Esta segmentación del espacio real, natural o cultural se encuentra relacionada, por analogía directa o inversa, con el despliegue de lugares sin espacio real. Precisamente, se trata de lugares que sueñan con el territorio continuo, el espacio global integrado, con la humanidad; configuraciones que nacen de la utopía. Ebenezer Howard planteaba, hacia finales del siglo XIX, cubrir el territorio con unidades autosuficientes de hábitat integral, en las que se viva y se trabaje, en las que se den una relaciones armónicas entre campo y ciudad; la Ciudad jardín es su sueño utópico que apunta hacia el día de mañana. El urbanismo moderno, a inicios del siglo XX, formula su propia analogía de ciudad en la que el cuerpo y el espíritu habiten, se recreen, circulen y cultiven, una suerte de centro del pensamiento racional funcionalista. Avanzado el siglo, Buckminster Fuller ideó el Dimaxion, que es una forma de representar la esfera 3D de nuestro planeta en 2D, mediante un icosaedro desplegado. La importancia de esta utopía radica en que nos obliga a concebir el mundo de una manera diferente, más unido, no delimitado en este y oeste. “Los mapas tradicionales del mundo refuerzan los elementos que separan a la humanidad y fallan en revelar los patrones y relaciones que surgen del proceso de constante evolución y la aceleración de la globalización”, señala el Instituto Buckminster Fuller.

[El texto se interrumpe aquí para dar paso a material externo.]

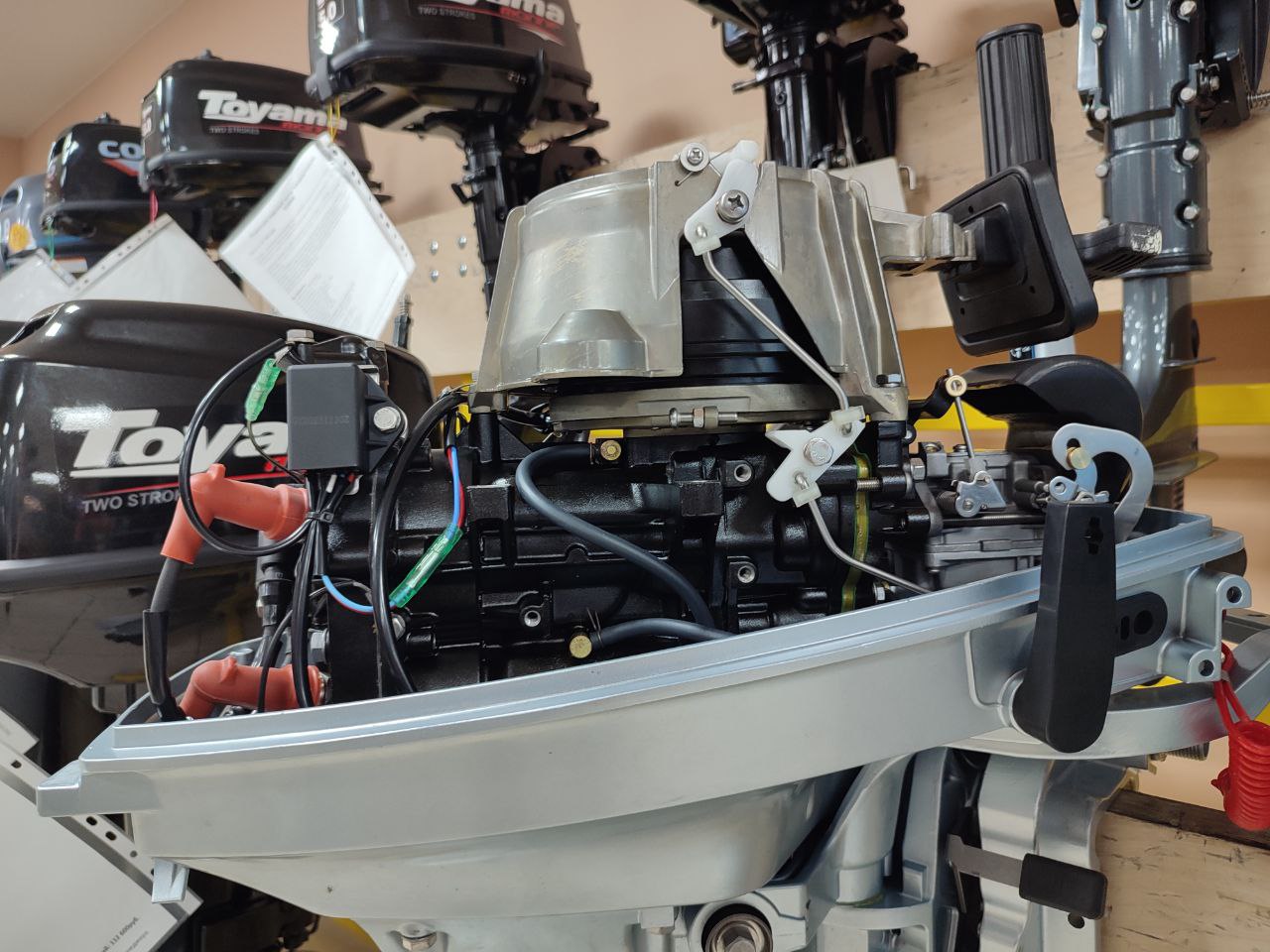 Лодочный мотор PROMAX SP9.9FHS (20) PRO в Костроме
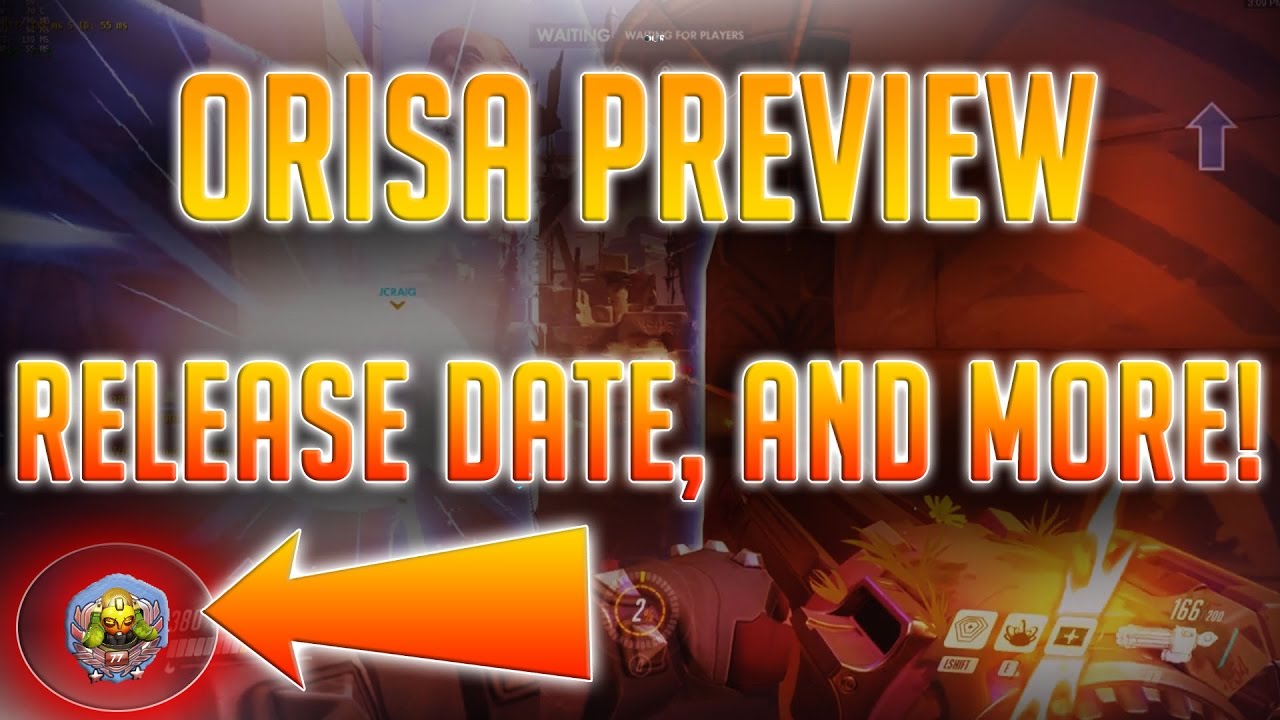 ORISA PREVIEW - RELEASE DATE AND MORE! (NEW HERO) | Overwatch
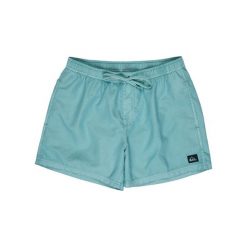 Szorty kąpielowe dla Mężczyzn EVERYDAY SURFWASH VOLLEY 15" Niebieski. Niebieskie kąpielówki męskie Quiksilver, bez wzorów, z materiału, sportowe. Za 199.99 zł.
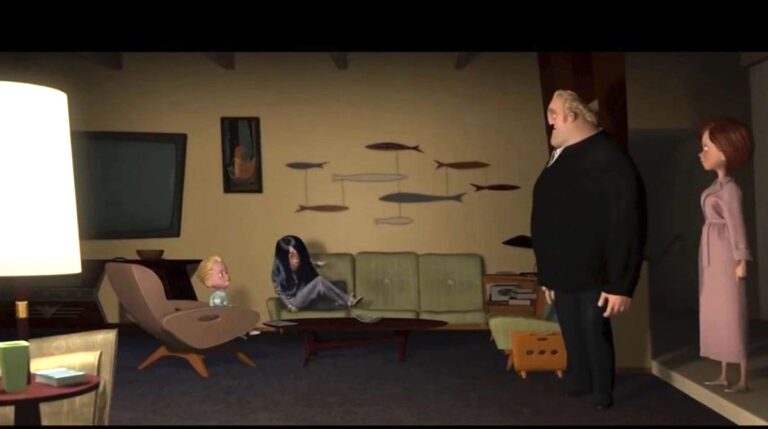 The Incredibles Furniture Design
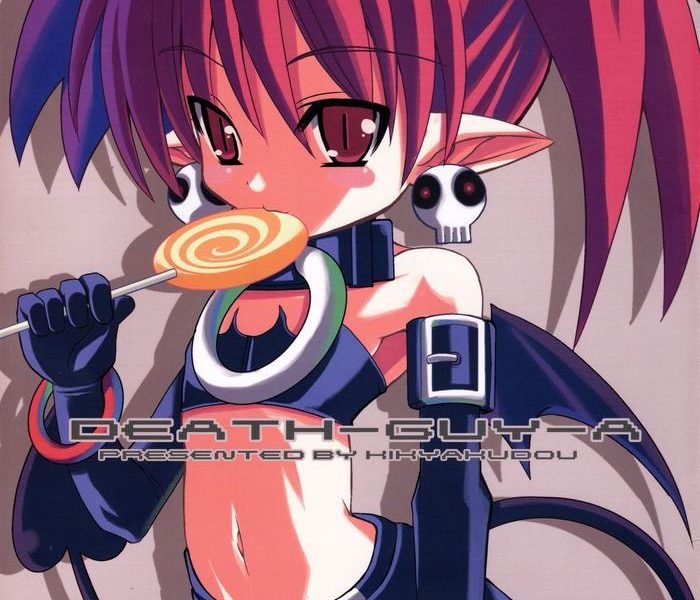 kikyakudou karateka value death guy a disgaea hour of darkness cover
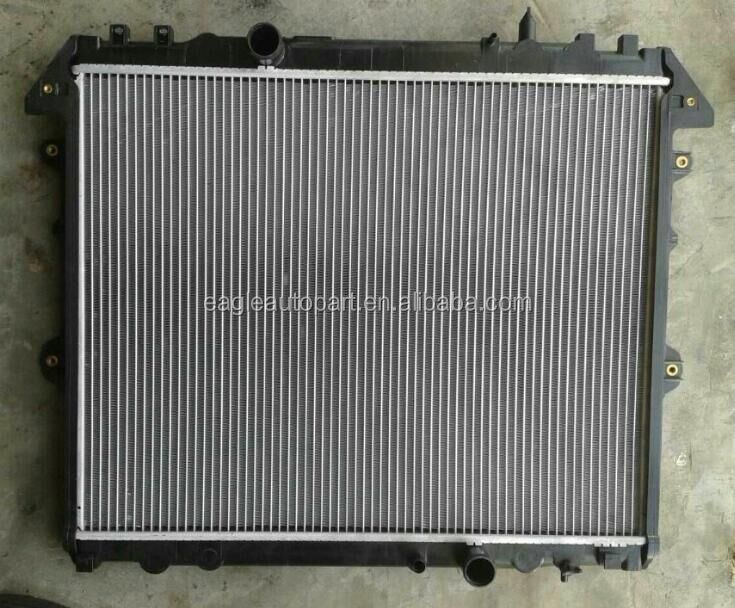 2.5 D-4D motorradiator 16400-OL250 voor Toyota Hilux Innova Auto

En la actualidad, los enormes problemas que resultan de la distribución de la población en el mundo requieren que nos interroguemos, no tanto sobre sí cabemos en el planeta o en qué lugar podemos aún ubicamos, sino en qué medida podemos convivir, relacionarnos, movernos, sobrevivir en él, sin que ello implique la exclusión del infinito número de singularidades que constituyen todas y cada una de las vidas y la heterogeneidad de espacios reales que las contienen, ya sea que se trate de espacios físicos o culturales. Hoy, al decir de Foucault: “Vivimos en el tiempo de la simultaneidad, de la yuxtaposición, de la proximidad y la distancia, de la contigüidad, de la dispersión. Vivimos en un tiempo en que el mundo se experimenta menos como vida que se desarrolla a través del tiempo que como una red que comunica puntos y enreda su malla”. Sin embargo, Foucault va más allá, cuando afirma que “todos los demás espacios reales que pueden hallarse en el seno de una cultura están a un tiempo representados, impugnados o invertidos, una suerte de espacios que están fuera de todos los espacios, aunque no obstante sea posible su localización”. El filósofo francés abre así un fascinante campo de reflexión sobre el espacio, les autres espaces, el de las heterotopías: “una suerte de contestación a un tiempo mítica y real del espacio en que vivimos”.Heterotopías que tienen una u otra existencia y/o significación, en concordancia con el medio natural y/o cultural en el que surgen, que pueden permanecer en el tiempo, representar cierre o apertura, ilusión o realidad.

En nuestro país, en el año 2017 acción Ecológica Ecuador lanzó la Ruta por la Verdad y Justicia para la Naturaleza y los Pueblos. En este recorrido, el petróleo en el Yasuní, las operaciones de Chevron-Texaco, la mano sucia de Petroamazonas, o las refinerías, contrastan con la significación de los valores ambientales de la llamada ruta de la Anaconda. Algo similar se evidencia en las operaciones mineras en la cordillera de El Cóndor, en Intag, o en diferentes páramos, en contraste con la ruta del Jaguar. La situación de los pueblos fumigados, los cultivos del banano, la producción industrial de la carne, la afectaciones de la palma aceitera, el secuestro de los ríos, muestran sus contrastes brutales con el ambiente dentro de la ruta del Ceibo. Y los desplazamientos, la urbanización salvaje, los basurales, contrastan con la ruta del Colibrí.

El espacio del sistema mundo capitalista, atravesado por una intención ético política que se expresa en los problemas del racismo, del falocentrismo, de una polarización y marginación heredados del urbanismo moderno, de una creación artística condicionada por el mercado, de una educación mediatizada por los centros de poder, requiere de una reflexión crítica multidimensional y diversa, que permita descubrir esos “otros espacios” en los cuales deberá transitar la existencia humana en los nuevos contextos históricos. Es preciso entonces descubrir formas distintas de ser con y en el mundo, de ser con y en el otro.